There is a pot-of-gold natural history treasure awaiting those who do reach the Antarctic Peninsula. The tip of the continent is indeed situated at the end of a storm-tossed rainbow, and its mystique creates a ready market for the growing fleet of ships that ply these waters. The fleeting southern summer is short-lived and anything but gale-free. Regardless, a cruise ship's schedule is set in advance, and when a ship must be in such-and-such anchorage on Tuesday two months from now, a key element in the seamanship equation is threatened. Voyaging by calendar rather than condition is a gamble, well understood by veterans in this trade.

The good news is that the captains of these vessels do their best to weather route, and when conditions are disadvantageous, alternate plans often come into play. During our stint in the waters that lie below the Antarctic Convergence zone, we saw the best weather of the season, even a day where the midday temperature neared the 60-degree mark. Yes, global warming is changing the dynamics in this part of the world, but one of the downsides is that floating brash, growlers, bergy bits and icebergs are in even greater profusion.

Weather volatility is another challenge of the Antarctic summer. One 964-mb low followed another, regularly turning the Drake Passage into a tempest. Cruise ships usually avoid direct encounters with such systems, but weather forecasting data for this region is sparse. On one occasion during our transit we encountered a 50-knot event that blew the sea and snow sideways even though there was no sign on the weather fax chart of what was causing the gale.

The navigation routine aboard Nordkapp was a blend of GPS and digital chart reading, combined with traditional bearing taking and regular position fixes. Careful plotting on paper charts augmented the effective use of modern digital charting software. Radar is a good friend to the Antarctic mariner, but so is the well-lit polar summer. Large icebergs and landmass detail show up in lower light conditions, but smaller bergy bits and growlers capable of damaging the ship are much harder to see.

In comparison to U.S. Navy vessels, commercial cruise ships run with a skeleton bridge crew.
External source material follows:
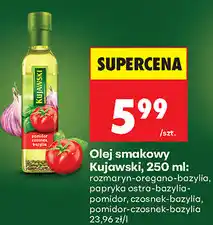 Biedronka Olej smakowy Kujawski oferta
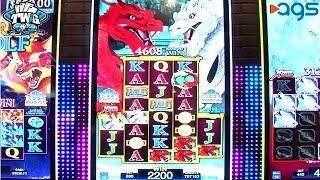River Dragons Slot Machine on the Orion Cabinet from AGS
But in the case of Nordkapp, I was very impressed by the wheelsman and officer of the watch's shiphandling ability. The crew is accustomed to the three-ring nature of their role, one that includes safe, reliable navigation, inshore maneuvering in order to provide shore landings from small boats, and a safe, albeit slightly adventurous experience for all passengers. The additional challenge linked with running a full-service resort afloat can be daunting, but what really left a lasting impression was how well the crew could stay on the safe side of the line that separates outright danger from adventurous travel.

Modern polar-capable cruise ships offer a taste of the Great Southern Ocean and the ice packed waters of Antarctica with modest risk to passengers. It's a little like swimming with the sharks while remaining surrounded by a strong steel cage. Each passenger develops an affinity for the ship that's more akin to a mariner's sentiment than that of a passenger plying tropical waters on a tour of palm-clad islands. Perhaps it's the raw power of the wind and sea or the pervasive cold that instills a sense of fondness for an inanimate steel hull and the refuge that it affords.

Whatever the cause, it's a palpable measure of human instinct, one that recognizes what's needed to survive. When it comes to crossing the Drake Passage and transiting ice-bound waters — it takes a capable crew as well as a good ship. And as we disembarked in Argentina, we carried with us indelible memories and a lasting appreciation of Nordkapp's very capable crew.